The most important holiday in Odessa isn’t Christmas, it is April 1, April Fool’s Day, which we call Humorina. Thousands of people come to the street and celebrate what they call the day of kind humor. All of Ukraine has a sense of humor—think of the man who offered to tow the Russian tank which had run out of gas back to Russia. Humor is part of our resilience.
But alas Ukraine is not a perfect country. There is corruption and a lot of crime, especially among political figures. There are oligarchs. Although the Ukrainian president is Jewish, there is still antisemitism in daily life (which is why my family left).

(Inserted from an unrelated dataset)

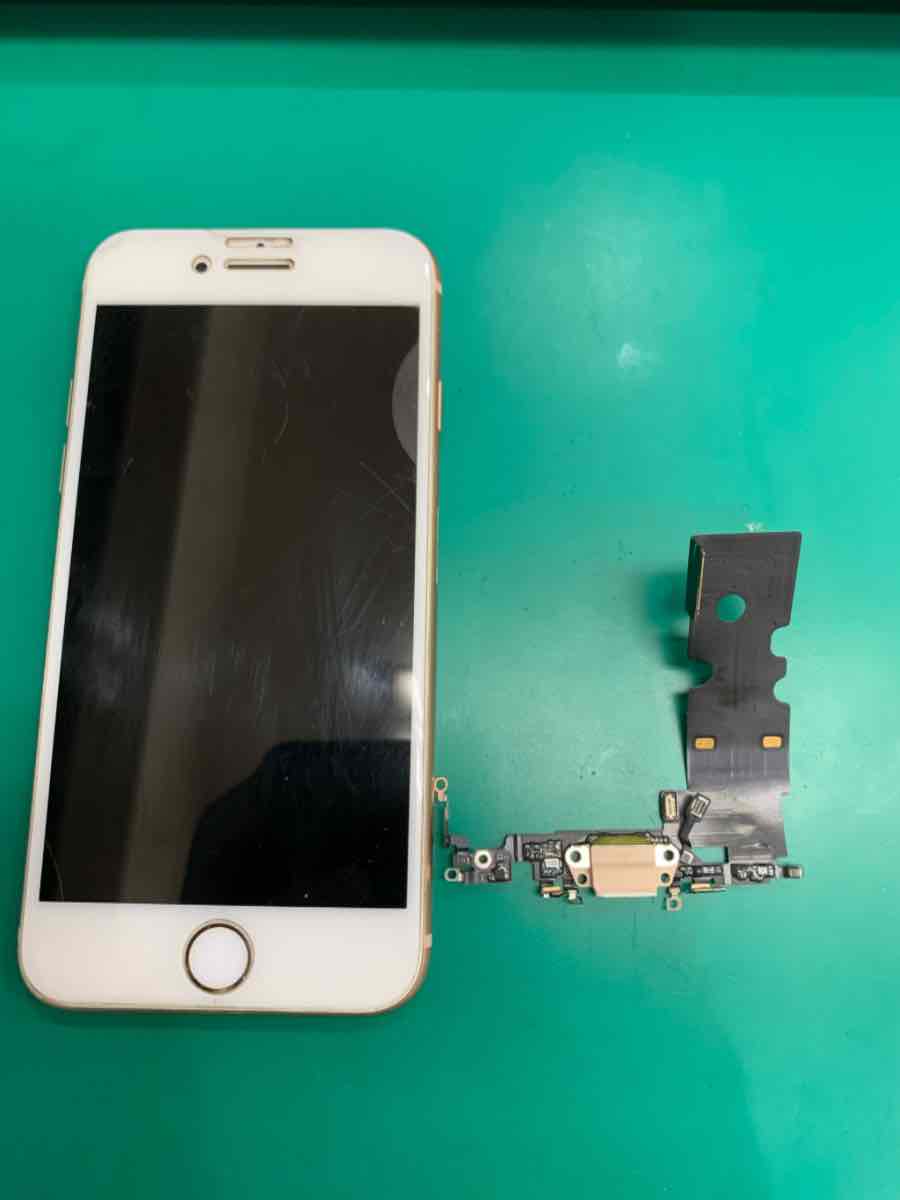 【港南区】 iPhone 8の充電コネクタ交換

But what gives me hope is the new generation of Ukrainians, people who grew up after the fall of USSR. They are free—probably more free than Americans or Europeans. They have respect for freedom because the mindset of corporations hasn’t yet entered Ukraine the way it has the West. They believe in culture. There are festivals all over the place. In Odessa, for example, they had an event when people created a human chain across the city, and each person read a favorite passage from a book to a person standing next to them. I have hope in that generation.
You’ve written about the role language has played in the Ukrainian–Russian conflict. It’s interesting to me that in every video of interaction between Russian soldiers and Ukrainian military or civilians, there is obviously no language gap; they are communicating easily. Ukrainians are even, allegedly, helping captured Russian soldiers call their parents on the phone. What do you make of the cultural and linguistic connection between the invading force and the people they’re invading?
Ukraine is a bilingual country. Ukrainians know both languages. It is the Russians who only know one language. And, yes, there is a moral in this accounting.
The problem here is that Putin decided not to speak any language except that of violence, showing us what authoritarian regime circa 21 century is like. He has decided to have a war on the pretext of “saving” Russian language—whether or not it needs to be saved. My cousin Petya in Odessa speaks Russian. Does he want Putin to come and save him? Hell, no. You go on Russian news, and what do you read? You read that Ukrainians are bombing their own houses as they retreat. Seriously. Fake news.
But, wait a second, how is it different from our own wannabe authoritarian, Mr. Trump and all his barrage of fake news? It is not that different at all. And everyone who pays attention has noticed that. It is a tragedy that Putin’s propaganda was able to do what it did with the Russian population who is now attacking its neighbors and friends. But isn’t it somewhat similar to what Mr. Trump’s propaganda is doing to people who are calling to ban books from schools, etc.? Let’s take a very long and very close look in the mirror here. Haven’t we got a somewhat identical problem?
You’ve been sharply critical of Ukraine’s leaders in the past. What is it like to see the president of the country turn into a kind of folk hero, even as his and his country’s immediate future remains troubled?
Whether Zelensky is a good president on the daily basis, whether he is a kind of bureaucrat who was able to create transparency and due process—that is not up to me to say. But I can say he is certainly someone who can inspire his people in the time of trouble. And that is quite a lot at this moment. Quite a lot.